‘Uncanny Parallels’: How Ukraine’s Operation Spiderweb Echoes SAS Daring of WWII

When Ukraine unleashed its audacious Operation Spiderweb in June 2025, military historian and author Damien Lewis could hardly believe what he was seeing.

A strike 18 months in the making saw 117 drones roar to life from lorries deep inside Russia, hitting 41 high-value bomber targets across multiple airbases and time zones. It was a devastating blow to Moscow’s air power, and a £5 billion loss, according to Ukraine’s Security Service. But to Lewis, it was more than just a modern-day military triumph. It was history repeating itself.

“When I saw the breaking news of Spiderweb,” Lewis told reports, “I thought, Oh my God, this is like Paddy Mayne and his raiders in the North African desert, translated to the modern day.”

Doing the unthinkable

For those familiar with the Special Air Service’s exploits in the Second World War, the similarities are striking. The SAS built its reputation on impossible missions, acts so bold even some senior figures balked.
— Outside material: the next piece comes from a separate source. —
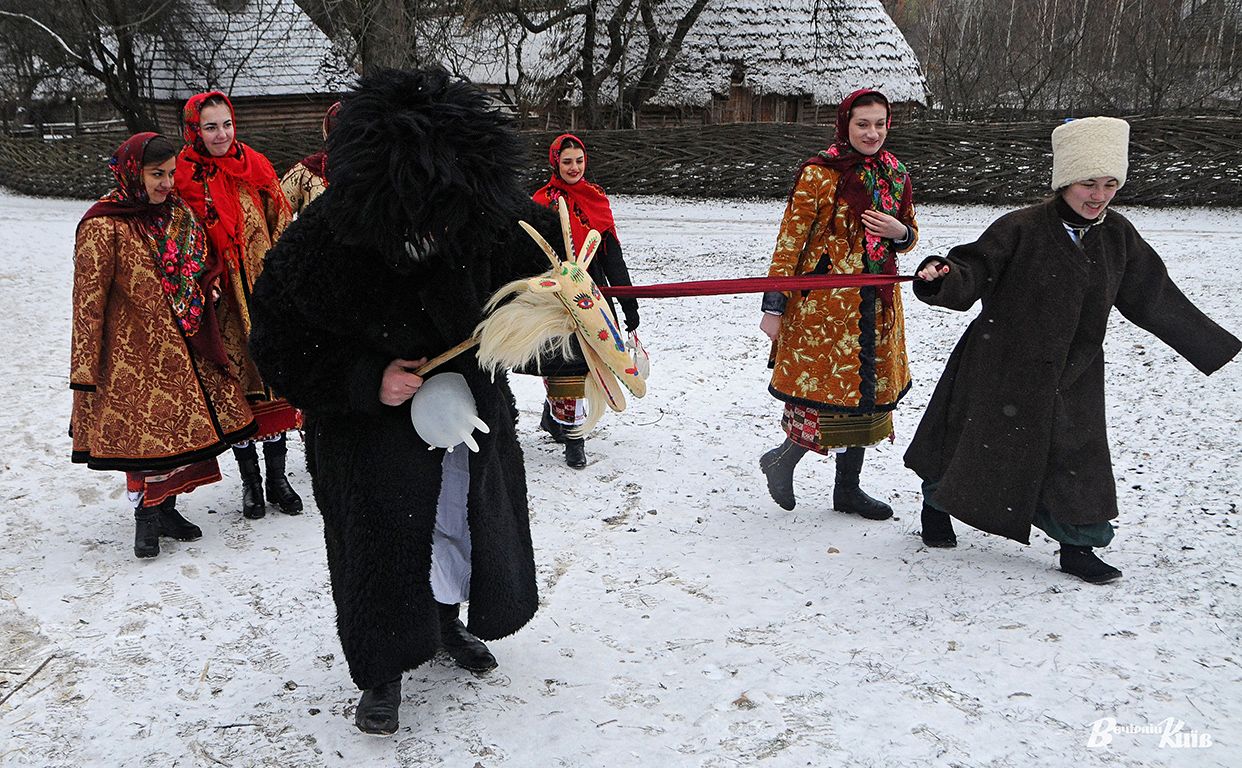 Одним з народних обрядів є водіння «кози». Фото: Вечірній Київ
Lewis, whose books include The Ministry of Ungentlemanly Warfare, SAS Daggers Drawn, and SAS: The Great Train Raid, says Ukraine’s tactics mirror those of Britain’s most elite warriors eight decades on.
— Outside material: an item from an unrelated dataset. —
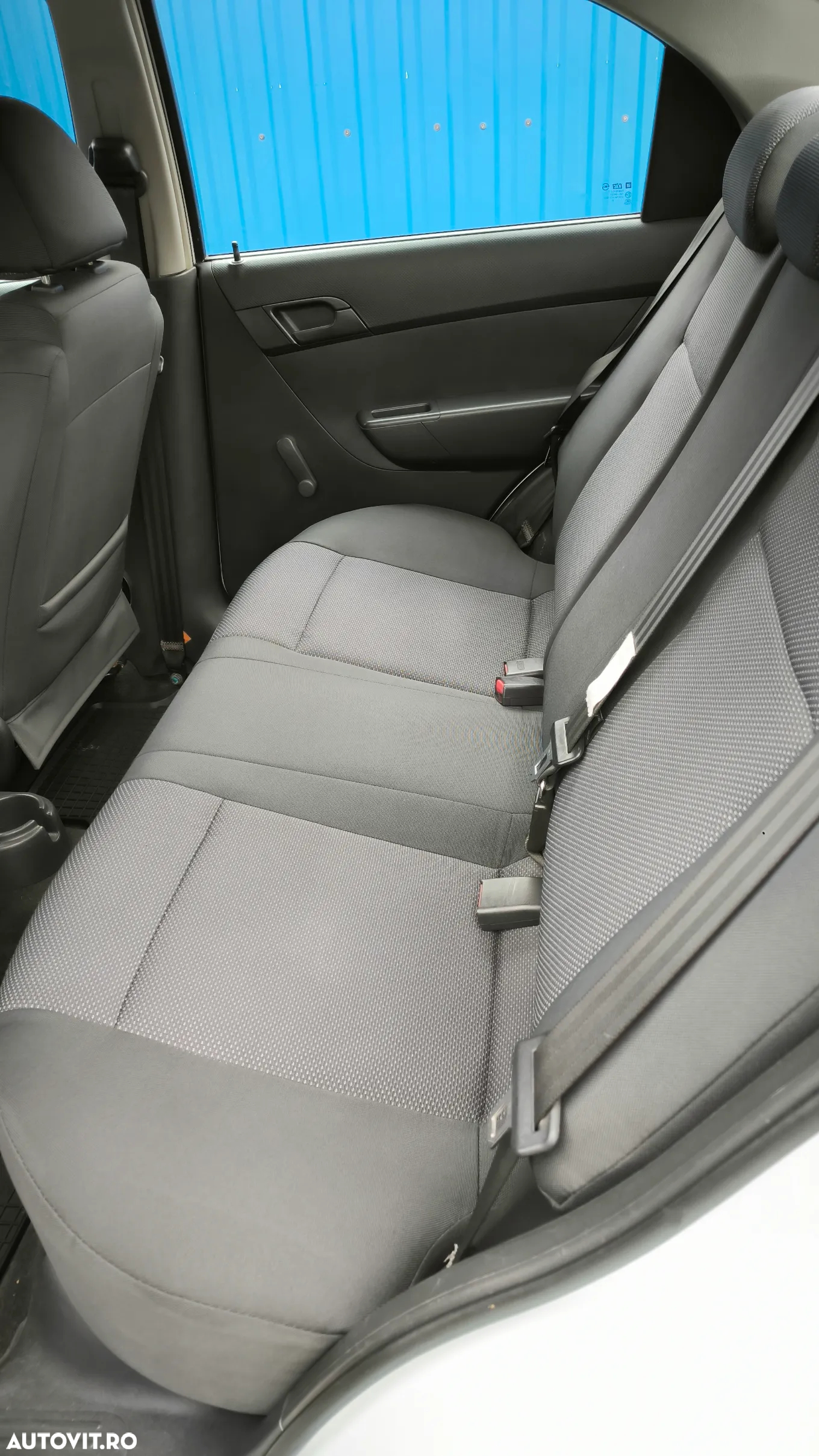 Chevrolet Aveo - 5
Take Operation Loco, the SAS’s secret 1943 raid revealed only decades later. The mission, led by Major Oswald Cary-Elwes, involved hijacking a train, driving 120 kilometres behind enemy lines, and using it to evacuate prisoners from the concentration camp at Pisticci in Italy.

Eighty-two years on, Operation Spiderweb saw Ukrainian forces commandeer trucks instead of trains, drones instead of incendiary charges, but the spirit was unmistakably the same: deep penetration into enemy territory, high-risk strikes, and total surprise.

From Lewes bombs to drones

Back in 1941 and ’42, SAS raiders in North Africa would travel thousands of kilometres in jeeps, sneaking into Axis airfields under cover of darkness. They planted Lewes bombs, small incendiary charges, on German and Italian aircraft before vanishing like ghosts.

Lewis says Ukraine’s drones did the exact same thing, just without the human cost.

“The only difference in terms of the modus operandi,” he explained, “is that it’s a drone carrying out the kill rather than a man with a Lewes bomb.”

Even their navigation technique, dead reckoning, a method based on speed, distance and direction, is straight out of the SAS playbook. This old-school system made Ukraine’s drones far harder to intercept electronically, echoing the ingenuity that once helped British commandos outfox Nazi forces in the desert.

Nowhere is safe

Churchill’s approach was to unleash chaos, to make sure Nazi Germany never felt secure. He wanted Hitler’s troops to feel that danger could strike from anywhere, at any time.

“Surprise,” Lewis said, “is the golden elixir of guerrilla warfare behind enemy lines.”

That philosophy now runs through Ukraine’s defence strategy. Just as the SAS made the Luftwaffe uneasy in their bunkers, Ukrainian forces have targeted senior Russian commanders, shattering morale and spreading fear through the ranks.

Since Putin’s invasion began in 2022, at least 11 senior Russian officers have been killed, according to Reuters. After Operation Spiderweb, paranoia reportedly swept across Russia, every lorry on the road became a potential drone carrier.

Lewis is clear about the lesson:

“The Ukrainians have taken that SAS spirit, to think the unthinkable and then do the unthinkable, and made it a reality.”